Publié le 23/08/2016 à 19h41

La raison semble reprendre le dessus aux Etats-Unis. Pour la grande majorité des experts, Hillary Clinton a pris une avance décisive dans la course à la Maison Blanche. Deux mois et demi avant l’échéance, elle l’emporte dans toutes les enquêtes d’opinion et domine la compétition dans les Etats qui font habituellement pencher la balance d’un côté ou de l’autre. Un seul bémol dans ce diagnostic consensuel : aucun de ces commentateurs avisés n’avait prévu que Donald Trump puisse l’emporter dans les primaires républicaines… L’accident, donc, est toujours possible. Autrement dit, même si on s’habitue à tout en politique, l’incroyable est toujours là : un candidat brutal, grossier, farfelu, machiste, cynique, truqueur, outrancier et xénophobe, désavoué par une grande partie des responsables républicains, qui manie sans cesse l’insulte et la provocation, n’est qu’à cinq points derrière une femme expérimentée qui tient un discours raisonnable et argumenté.

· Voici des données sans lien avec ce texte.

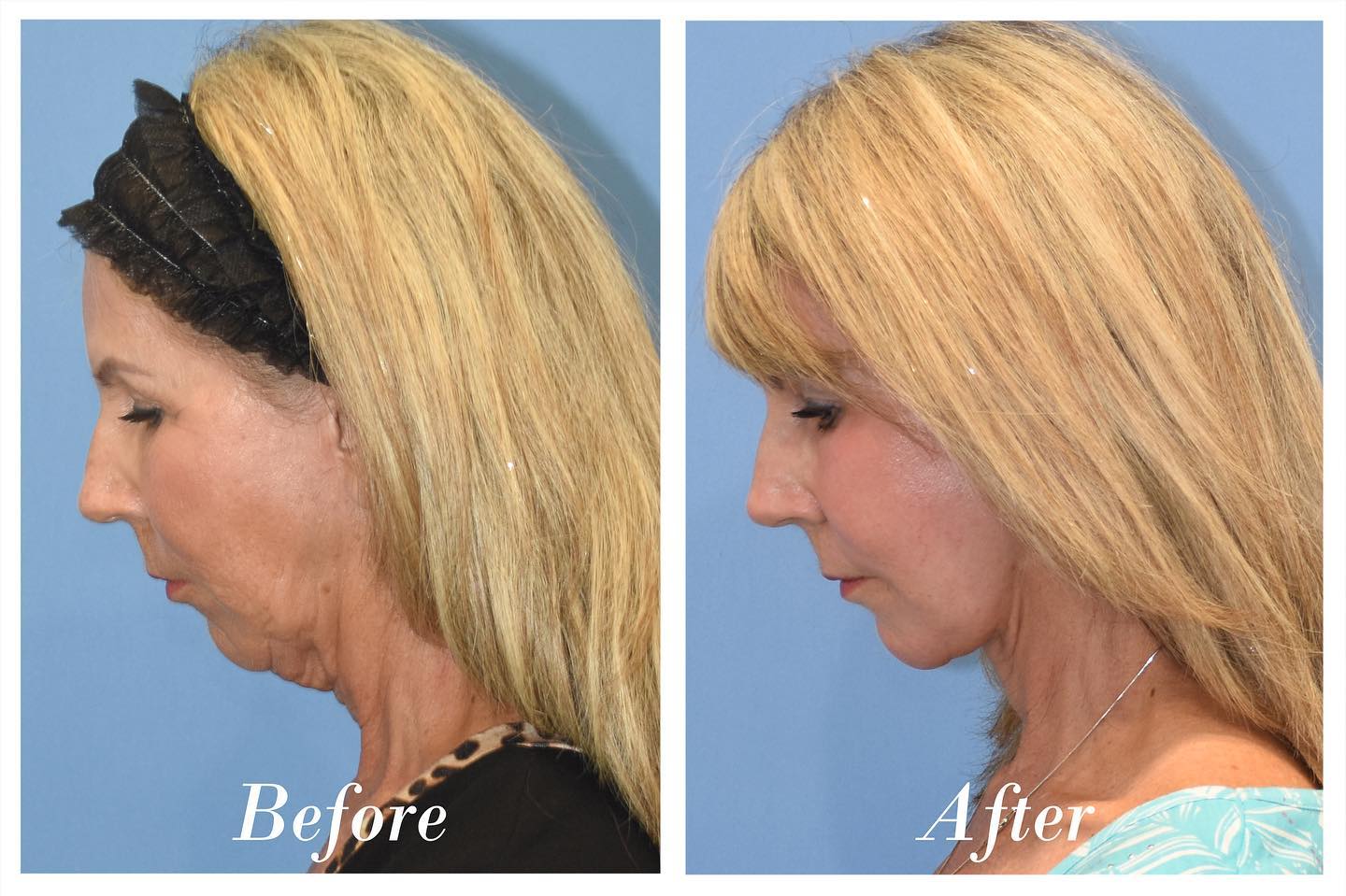 C02 Laser Before & After Image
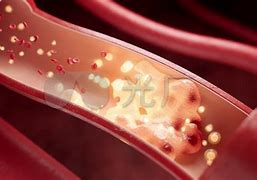 Image result for thrombolysis 血栓溶解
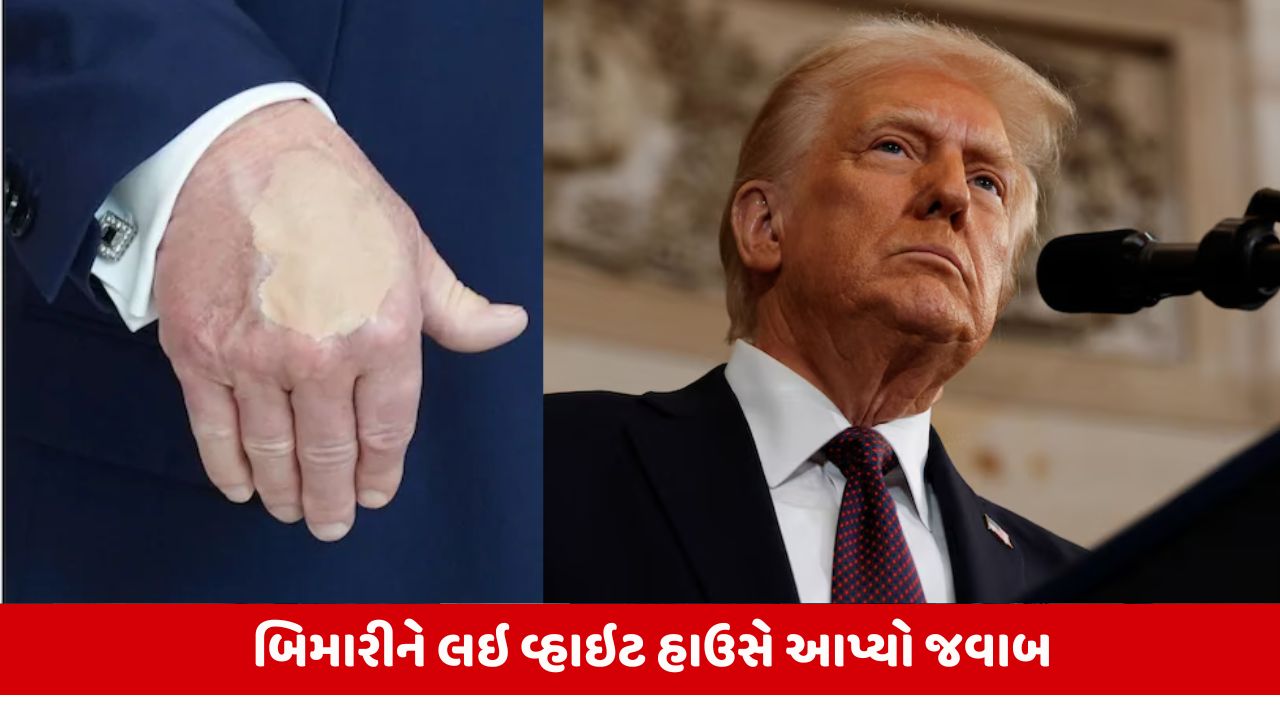 Donald Trumpના હાથને શું થયુ?: રાષ્ટ્રપતિ કઇ બિમારી છુપાવી રહ્યા છે? હાથ પર મેકઅપના ફોટા વાયરલ.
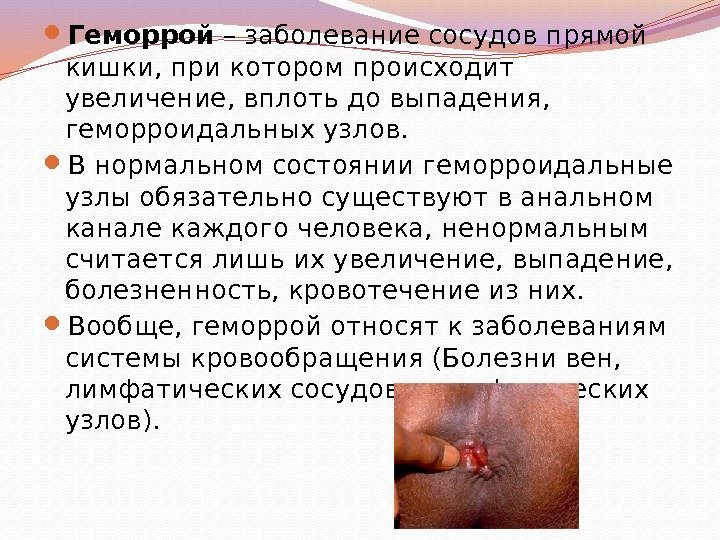  Геморрой – заболевание сосудов прямой кишки, при котором происходит увеличение, вплоть до выпадения,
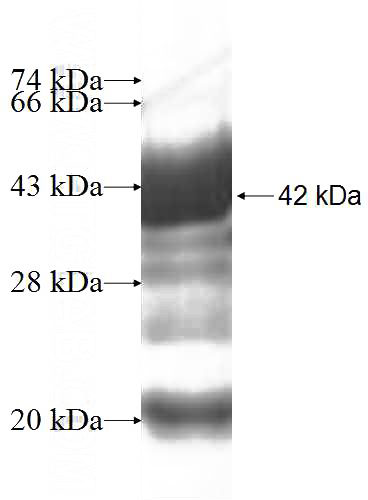 Recombinant Human UBXN6 SDS-PAGE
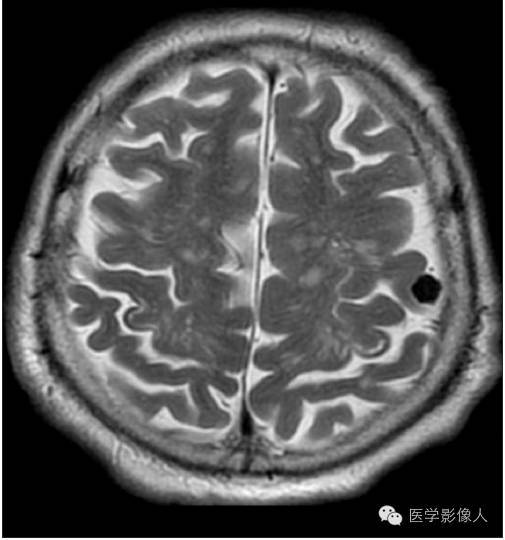 黄素环|脑内T2WI上低信号病变大致分为8大类【总结】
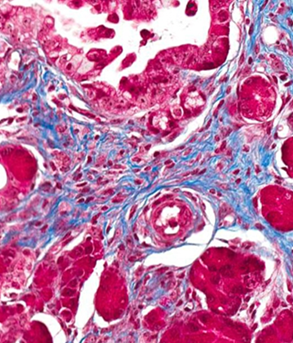 Desmoplasia in adenocarcinoma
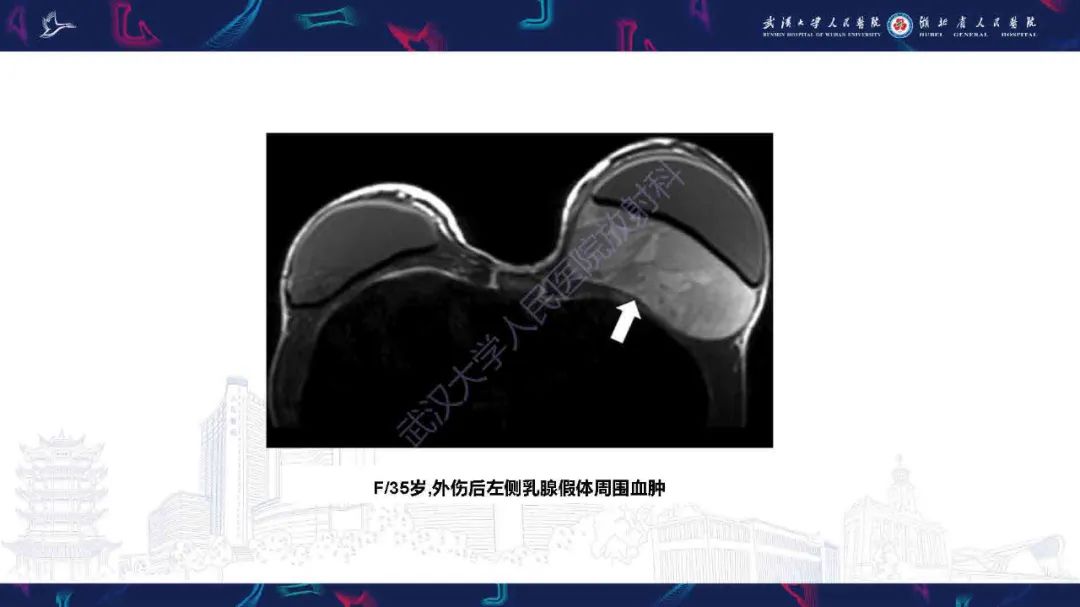 影像PPT - 【PPT】隆胸术后并发症MRI诊断-17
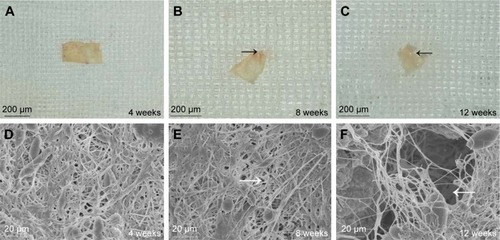 Figure 8 The morphology of the ICA-loaded PCL–gelatin membrane (A–C), and SEM micrographs of membrane surfaces (D–F) at different observation times after implantation.Note: The black arrows indicate the absorbed margin, and the white arrows indicate the pores.Abbreviations: ICA, icariin; PCL, polycaprolactone; SEM, scanning electron microscopy.
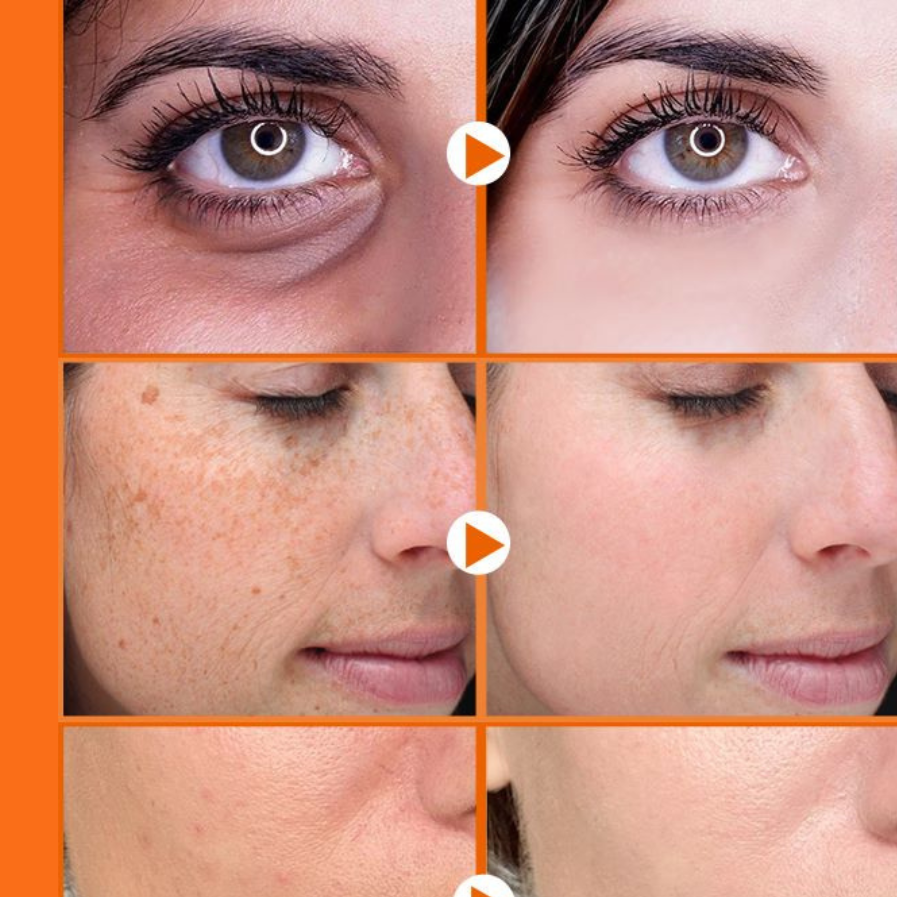 Sérum anti-idade Vitamina C - LAURA ROBERG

L’affaire en dit long sur l’état politique de la planète. Aussi extravagant soit-il, Trump n’est pas un ovni, ni une aberrante exception. Il exprime dans sa fruste efficacité la montée du nationalisme qui touche les cinq continents, dans une protestation dangereuse et inexorable contre les excès d’une mondialisation sans loi. Un nationalisme débridé qui autorise le candidat «antisystème» à dénoncer l’immigration dans une nation d’immigrés, le libre-échange dans la plus forte économie du monde, le laxisme judiciaire dans la démocratie qui compte le plus grand nombre de détenus en regard de sa population. Même si elle fait long feu - ce qui n’est pas acquis -, l’équipée Trump interpelle tous les responsables, qui doivent mesurer le désarroi des peuples dans un monde trop dur pour les faibles et trop faible face à l’arrogance des nantis.